A dynamic risk assessment and a carefully thought-out long-term plan should be considered by those National Federations before they make any irreversible membership decisions. IBA does not accept dual membership, which is a crucial choice for each entity and requires a pragmatic approach.
The recent example set by the Dutch Boxing Federation, which is currently a suspended IBA member, demonstrates that this organization understands and acknowledges all uncertainties of the possible breakup with the IBA. On the other side, there are zero competitions, zero predicted financial support from above, and zero proof of so called “good governance principles” that are being loosely communicated.
These are the main reasons why well-run NFs hesitate to make rash decisions and leave with immediate effect.

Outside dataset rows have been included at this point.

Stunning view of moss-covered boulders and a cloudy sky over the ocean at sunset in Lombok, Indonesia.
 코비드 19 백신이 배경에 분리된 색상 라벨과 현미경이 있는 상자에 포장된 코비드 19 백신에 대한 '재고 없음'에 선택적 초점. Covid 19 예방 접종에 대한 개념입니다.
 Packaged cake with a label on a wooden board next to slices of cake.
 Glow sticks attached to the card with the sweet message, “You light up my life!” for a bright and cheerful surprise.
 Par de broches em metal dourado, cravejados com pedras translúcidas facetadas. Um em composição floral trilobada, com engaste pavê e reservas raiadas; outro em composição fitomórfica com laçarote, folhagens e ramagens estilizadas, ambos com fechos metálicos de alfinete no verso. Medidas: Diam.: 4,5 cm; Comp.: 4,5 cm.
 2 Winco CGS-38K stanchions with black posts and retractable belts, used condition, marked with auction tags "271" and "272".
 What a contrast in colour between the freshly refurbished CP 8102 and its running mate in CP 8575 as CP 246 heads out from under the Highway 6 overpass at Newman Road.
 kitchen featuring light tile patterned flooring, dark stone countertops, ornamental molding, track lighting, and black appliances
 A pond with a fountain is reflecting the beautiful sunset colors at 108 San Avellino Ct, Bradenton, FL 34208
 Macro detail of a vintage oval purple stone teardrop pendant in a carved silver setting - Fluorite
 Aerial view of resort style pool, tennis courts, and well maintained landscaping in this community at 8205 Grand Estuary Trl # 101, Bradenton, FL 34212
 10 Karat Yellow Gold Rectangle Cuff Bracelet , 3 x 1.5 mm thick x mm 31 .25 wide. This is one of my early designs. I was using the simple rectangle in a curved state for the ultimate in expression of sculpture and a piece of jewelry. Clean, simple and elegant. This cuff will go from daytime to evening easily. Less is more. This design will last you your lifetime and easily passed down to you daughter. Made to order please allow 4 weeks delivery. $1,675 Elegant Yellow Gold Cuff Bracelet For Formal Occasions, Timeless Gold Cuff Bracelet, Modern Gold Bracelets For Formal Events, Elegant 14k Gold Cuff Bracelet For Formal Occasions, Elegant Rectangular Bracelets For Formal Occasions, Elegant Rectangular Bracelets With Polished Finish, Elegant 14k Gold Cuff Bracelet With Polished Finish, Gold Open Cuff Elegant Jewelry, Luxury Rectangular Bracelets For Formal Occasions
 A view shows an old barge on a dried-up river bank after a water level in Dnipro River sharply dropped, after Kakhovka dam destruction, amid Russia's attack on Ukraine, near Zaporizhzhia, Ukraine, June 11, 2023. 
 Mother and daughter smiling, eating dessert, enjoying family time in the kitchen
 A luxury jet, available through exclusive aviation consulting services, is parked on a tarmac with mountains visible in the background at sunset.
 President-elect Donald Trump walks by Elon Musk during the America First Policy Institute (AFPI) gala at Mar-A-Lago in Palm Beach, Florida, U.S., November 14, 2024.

‘The international situation is currently very complex. Facts and assumptions are regularly confused and proclaimed as truth, creating unnecessary unrest,’ reads the statement from the Dutch Boxing Federation, which has declared that they will appoint an external independent advisor to assess the current situation and make a recommendation for the future direction of the Dutch Boxing Federation.
Seeking a solution to allow for their athletes to compete at the Olympics is truly understandable, as many of National Federations are dependent on Olympic funds from the state/NOCs. However, the Olympics represents only 248 elite athletes in total. To get there, a boxer must go from grassroots to the top gradually, gaining experience and fighting the best to excel. In addition, there are 4 years in between the Games, and the boxers need to train and compete to develop their skills, grow professionally while also making a living to get them to the next Olympic cycle.
IBA provides all these opportunities today, while the alternative organization does not. IBA has secured the budget for the next 4-year cycle that includes IBA’s events portfolio, prize money fund, Financial Support Program (FSP) and various development initiatives. Moreover, there are not any guarantees that the alternative organization will receive IOC recognition, because this process is quite long and complicated. At the same time, IBA positively estimates its chances to demonstrate before the Court of Arbitration for Sport in a fair procedure the progress achieved recently within the governance, finances, and integrity of the competitions.
The IBA continues to be the Home of Boxing for five Confederations, with nearly 200 National Federations and thousands of boxers, coaches, and officials from around the globe. The organization does not prevent anyone from participating in the Olympic Games or Olympic qualification events and welcomes all boxers and officials to IBA’s events regardless of their National Federation status. It is also important that IBA is ready to support its National Federations and boxers (including financially) in participation in the Olympic Games.
The IBA continues to remain as the only international boxing governing body. We will stand for our athletes as well as defending our 77-year history and positive achievements that have culminated over these years. We are already protecting our integrity, amongst which by association is our hierarchical framework and its valued members. IBA truly understands the need to support National Federations, and in turn it associated clubs and its affiliated members.